Another point which Grandma and I tended to agree upon was meat and potatoes. They are good. At a family dinner at the Macaroni Grill (As a child, I likened KD to poison and spaghetti only a step above) Grandma and I both ordered mashed potatoes and... I don't remember. The potatoes were mashed with their skins still on. I was impressed by this culinary innovation. I remember exchanging a smile with Grandma across the table. 'Meat and potatoes,' she said. 'Tastes good.'

Grandma made the best meatballs. Sadly, she is gone. I never took the opportunity to learn the technique from her capable hands but I will try to remember the other lessons she left me with. To her they added value and texture to life and so she imparted them with energy and vigor, and also as a gift, much as she used to pop a baseball-sized meatball onto my plate beside a mound of mashed potatoes and a lashing of 'shoo' (gravy). Maybe, somewhere in the remembering my hands will find a path to the perfectly round meatball. If not, it would be enough for Grandma that I tried. For her, food was mostly about warmth and love and good flavour.

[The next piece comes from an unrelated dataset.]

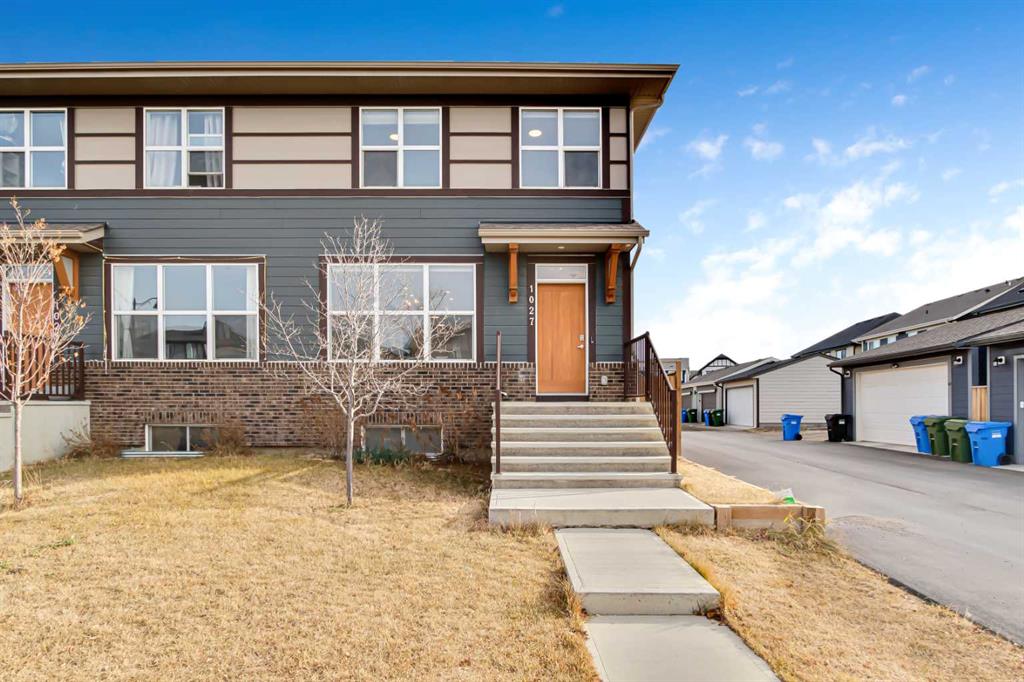 Picture of 1027 Mahogany Boulevard SE, Calgary Real Estate Listing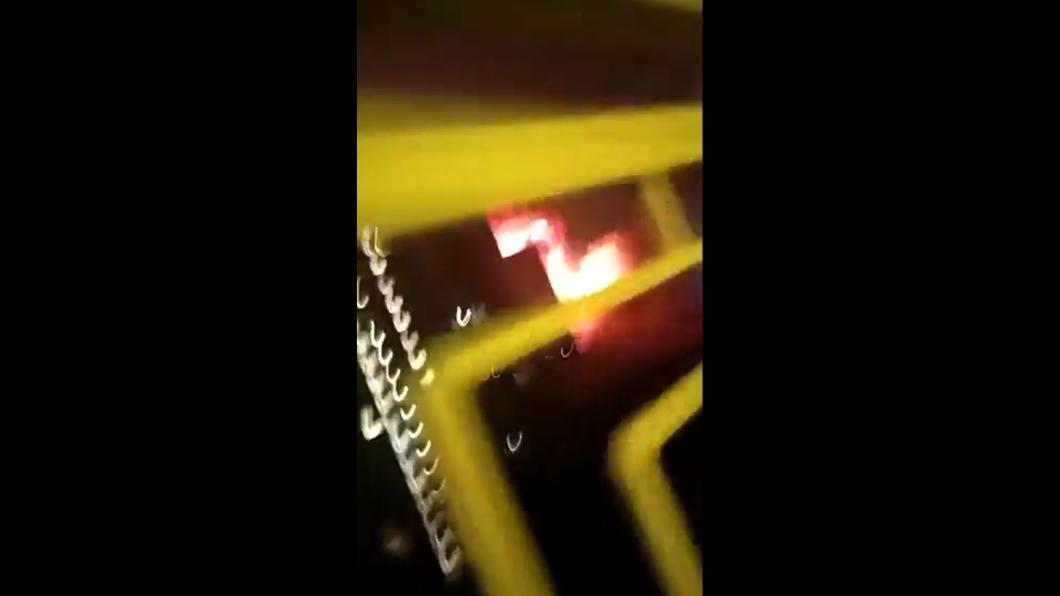 疑似是敖德薩居民,親身見證並剛好錄到飛彈落地的畫面。(圖/翻攝自@NOTINAFO推特)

To find a place to begin my Dutch meatballs, I turned to another woman who shared my Grandma's name, her faith, and her love of a hot meal. Here is a recipe that Johanna Duits gave me. Johanna is also Dutch and knows the value of a giant, delicious meatballs. Hers aren't perfectly round, but then Johanna is never labeled as 'fussy.' A good Dutch meatball will always be different depending on the maker. Nonetheless, it will always be delicious.

Johanna's Meatballs

1 pound ground beef (Johanna uses any amount of beef)
1 tsp salt
1 tsp ground pepper
1/2 a tsp chili powder
a little grated nutmeg
a dash of maggy (my addition because Grandma always had it in the fridge and I can't think what else she would have used it for)
1/4 cup dried bread crumbs
1 egg

Put all the ingredients in a bowl and mix them with your hands. Shape the meatballs a little smaller than baseballs. Fry them in butter or oil, turning the balls often if you want them to be round. Johanna says to crack one open to see if they're done. So I did. It takes about twenty-five minutes, depending on the size of your meatballs.


  1. Way to embrace your nature- and nurture-developed personality!
    Maggi always went in the Sunday soup at my Oma's house.

  2. Love this post Rach - and I`m loving the lessons. And I`m realizing why I get frustrated when Mike is searching for his key at the vehicle ;) Very apt that you posted on Grandma`s should have been 90th birthday.